Exercise brief:
Omit the images and return the remaining entries unchanged.

Data section:
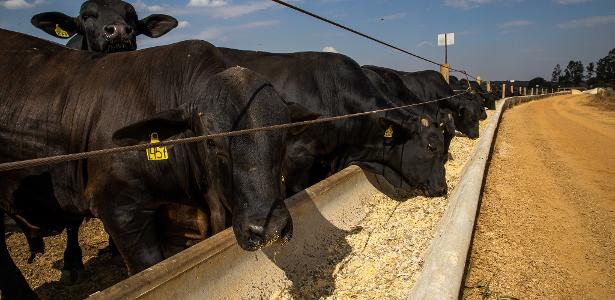 criacao-de-gado-de-corte-em-confinamento-1621370975517_v2_615x300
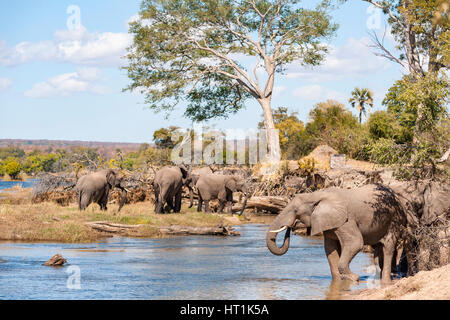 A herd of African Elephant seen drinking on the banks of the Zambezi River in Zimbabwe's Zambezi National Park.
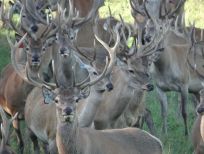 RUDZIE poronkasvatus poronkasvatus kuusipeuravasikat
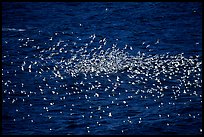 Flock of western seagulls. Channel Islands National Park, California, USA. (color)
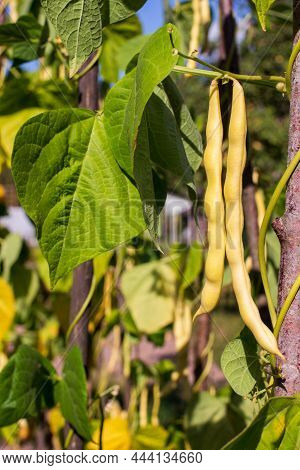 Outdoors Nature String Beans On The Branches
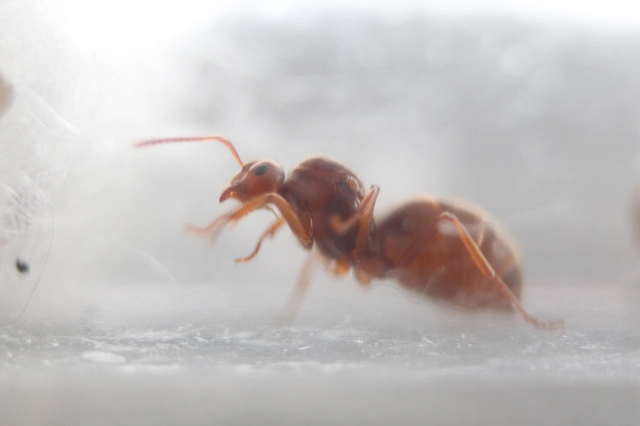 Prenolepis nitens - ragyogóhangya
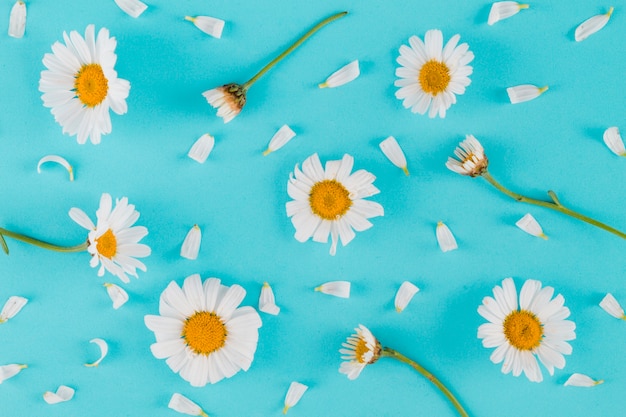 Free photo top view daisies and petals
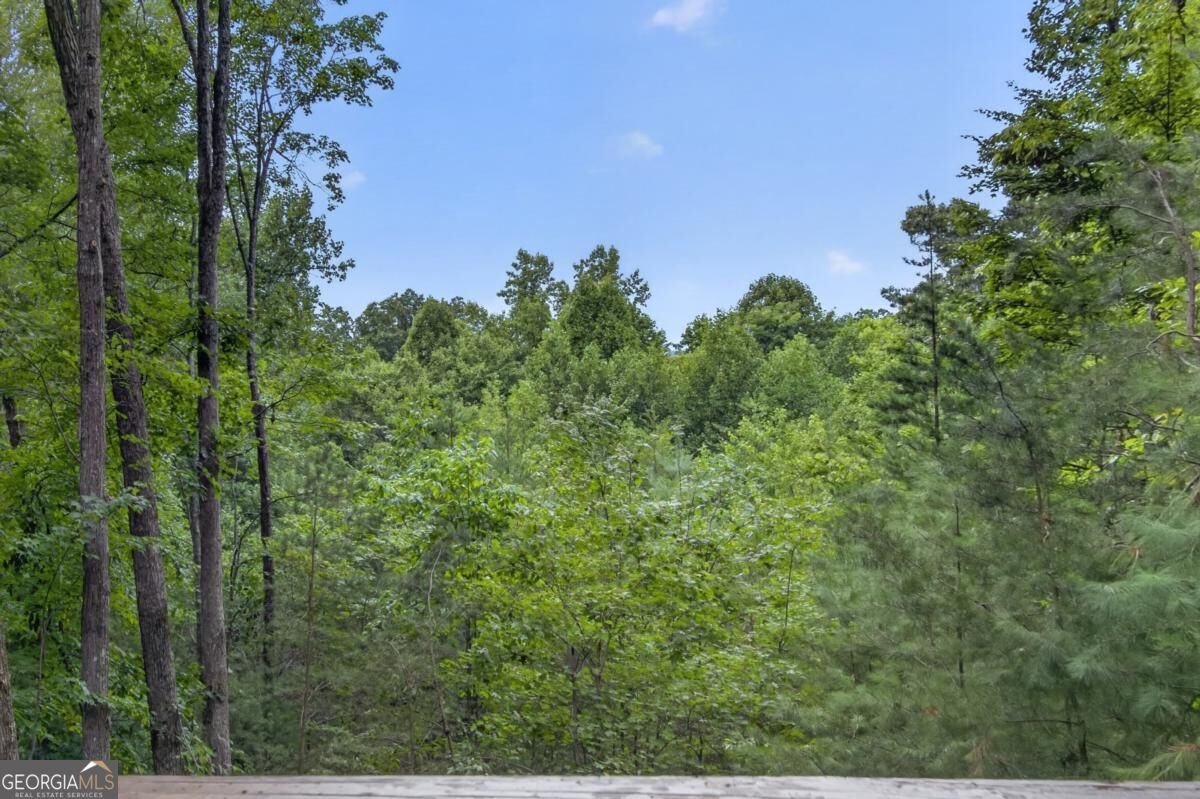 76 Channing Hollow Morganton - Photo 30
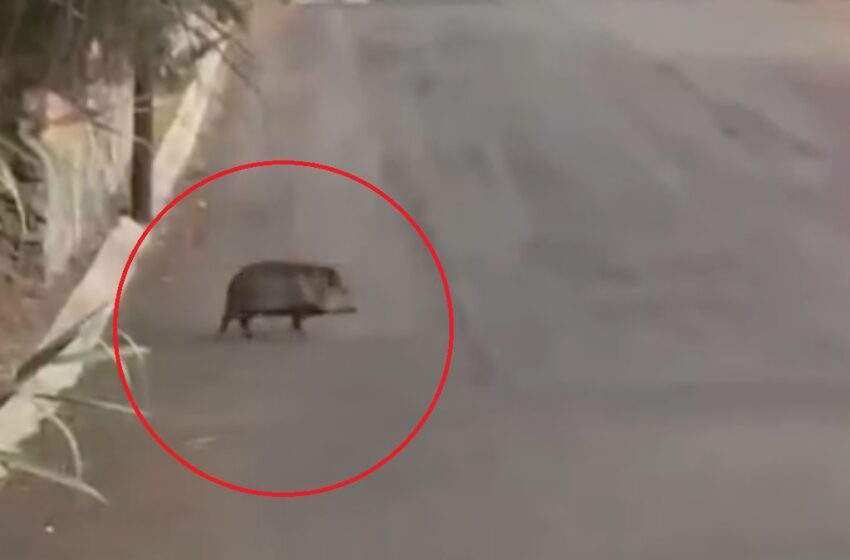  Captan a Jabalí Bebé Paseando por Harás del Bosque en Puebla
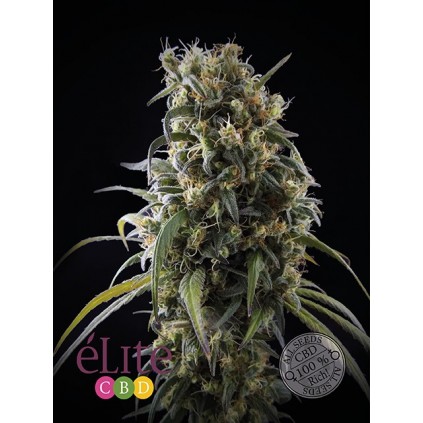 La Rica CBD Elite seeds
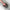 site_RBC_Sorbetto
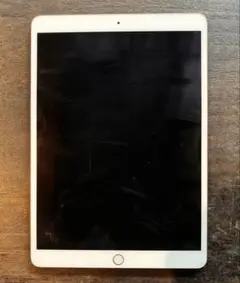 Apple iPad pro 10.5 256GB 2017年モデル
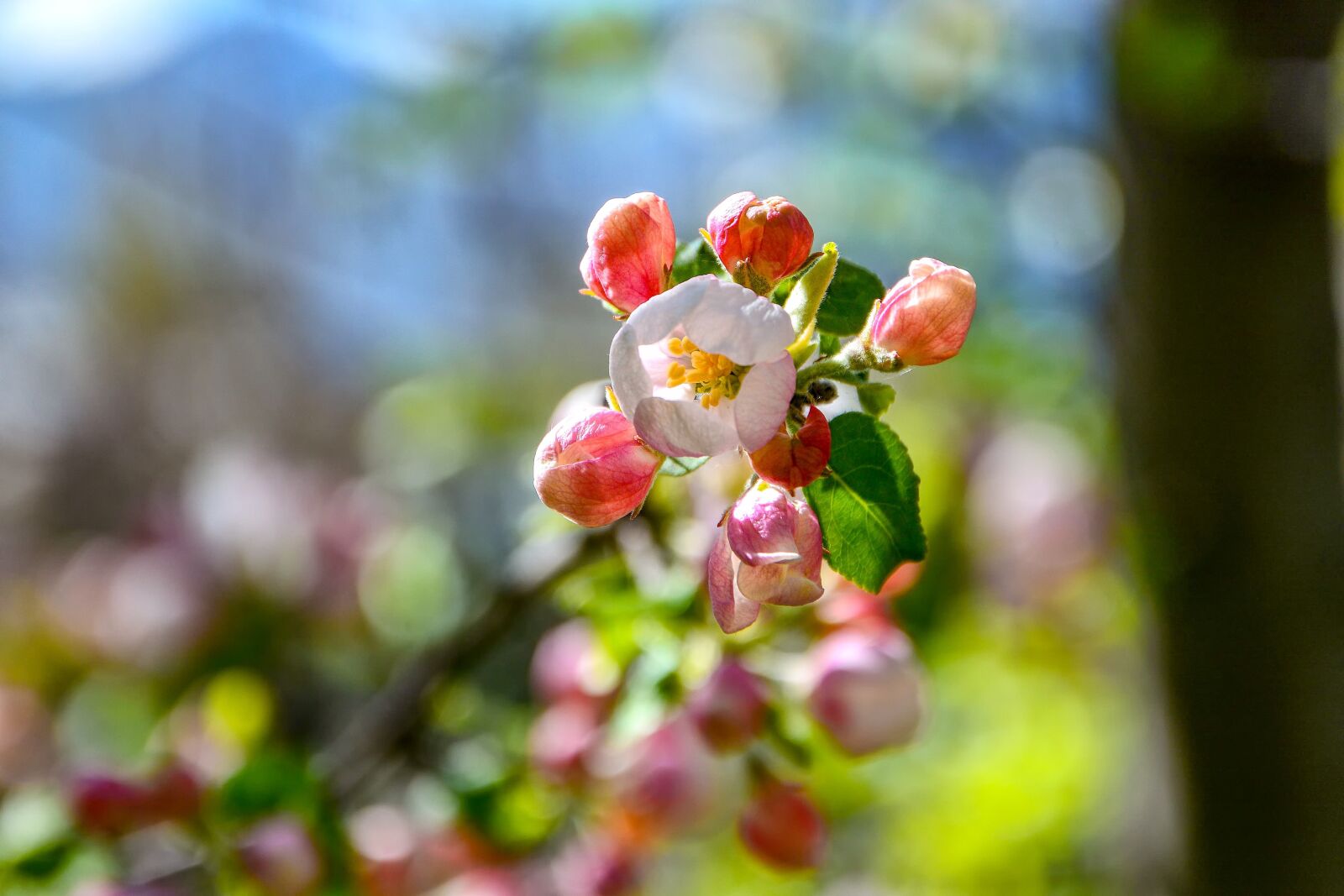Nikon D7100 sample photo. Apple blossom, sprig, spring photography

Completed task:
 criacao-de-gado-de-corte-em-confinamento-1621370975517_v2_615x300
 A herd of African Elephant seen drinking on the banks of the Zambezi River in Zimbabwe's Zambezi National Park.
 RUDZIE poronkasvatus poronkasvatus kuusipeuravasikat
 Flock of western seagulls. Channel Islands National Park, California, USA. (color)
 Outdoors Nature String Beans On The Branches
 Prenolepis nitens - ragyogóhangya
 Free photo top view daisies and petals
 76 Channing Hollow Morganton - Photo 30
  Captan a Jabalí Bebé Paseando por Harás del Bosque en Puebla
 La Rica CBD Elite seeds
 site_RBC_Sorbetto
 Apple iPad pro 10.5 256GB 2017年モデル
Nikon D7100 sample photo. Apple blossom, sprig, spring photography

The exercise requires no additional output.